University Studies of the University of Nebraska

 

Date of this Version

10-1-1914

Comments

Published in UNIVERSITY STUDIES, vol XIV, no. 4 (October 1914), pp.377-415. Published by the University of Nebraska.

Abstract

"Poetry in general," says Aristotle, "seems to have sprung from two causes, each of them lying deep in our nature-first, the instinct of imitation ..., next, ... the instinct for 'harmony' and 'rhythm.'" Many of the lyric-legend-dance complexes of certain North American Indian religious ceremonials would seem to bear out this judgment. Indeed, in not a few of the unmistakably poetic expressions, there may be found well-defined dramatic elements suggesting the possibility of a developed, independent dramatic literature, had these savage peoples been left alone to initiate a civilization and culture of their own. The South American Indians were capable of evolving a secular form of drama, as Sir Clements Markham affirms on the strength of the romantic "Ollantay" of the Incas of Peru. Certainly the North American Indians, many of whom were superior in religious conceptions and practices to their more civilized kindred of the south, could have equaled if not surpassed them in the matter of dramatic expression. For the peoples of the north, the idea of religion, of genuine worship, still lay at the root of all dramatic production.

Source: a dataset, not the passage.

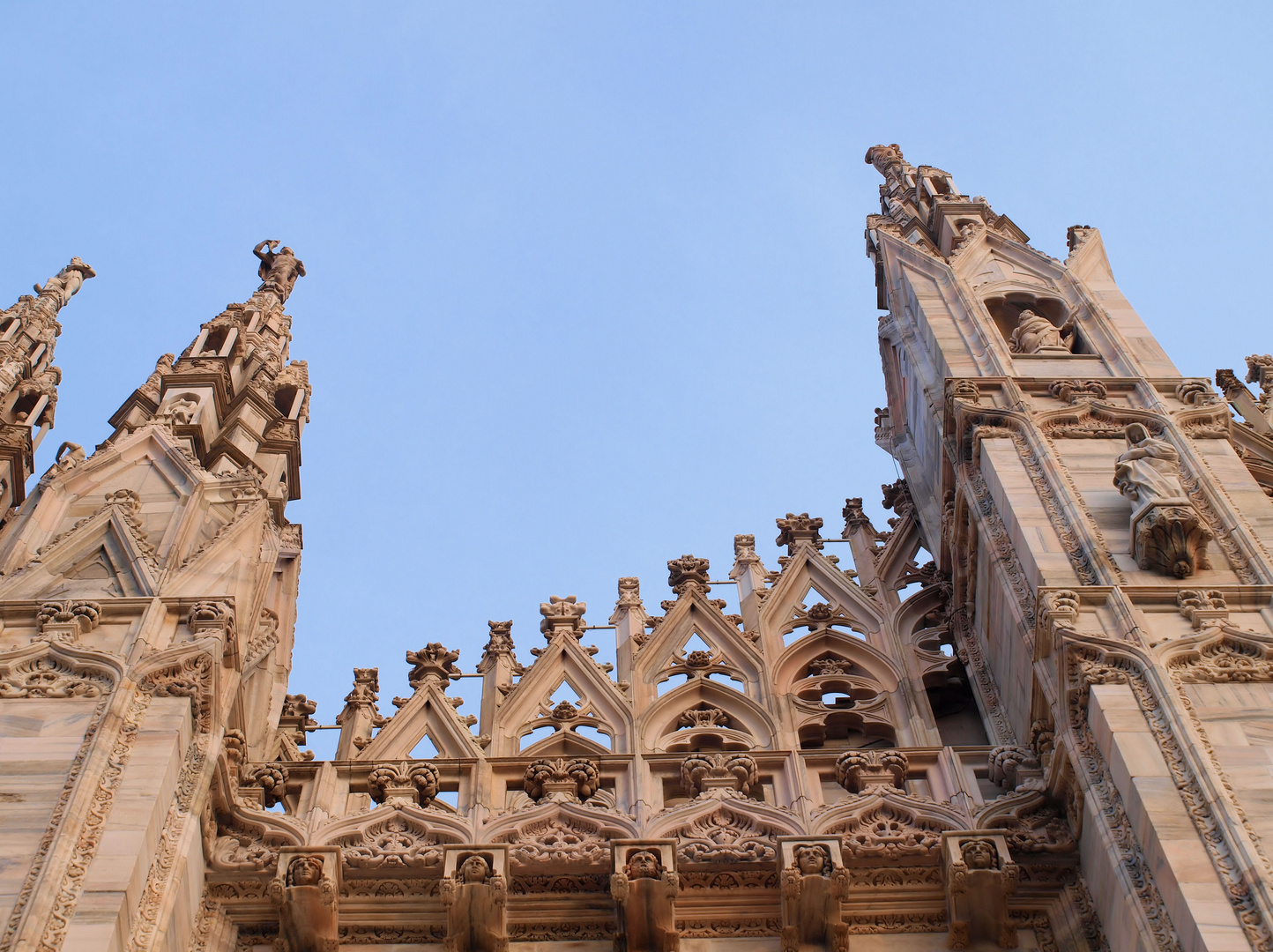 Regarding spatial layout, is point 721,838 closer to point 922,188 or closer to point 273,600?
point 273,600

Hence, out of the great admixture of savage love of song, of story, and of rhythm, heightened by religious terrors and spiritual yearnings, must be sifted the mimetic actions and speeches fundamental to the drama proper, especially to serious drama; for to the savage mind, Nature, in one conception or another, the great dispenser of the necessities as well as of the "good things" of life, is a matter of deadly earnest.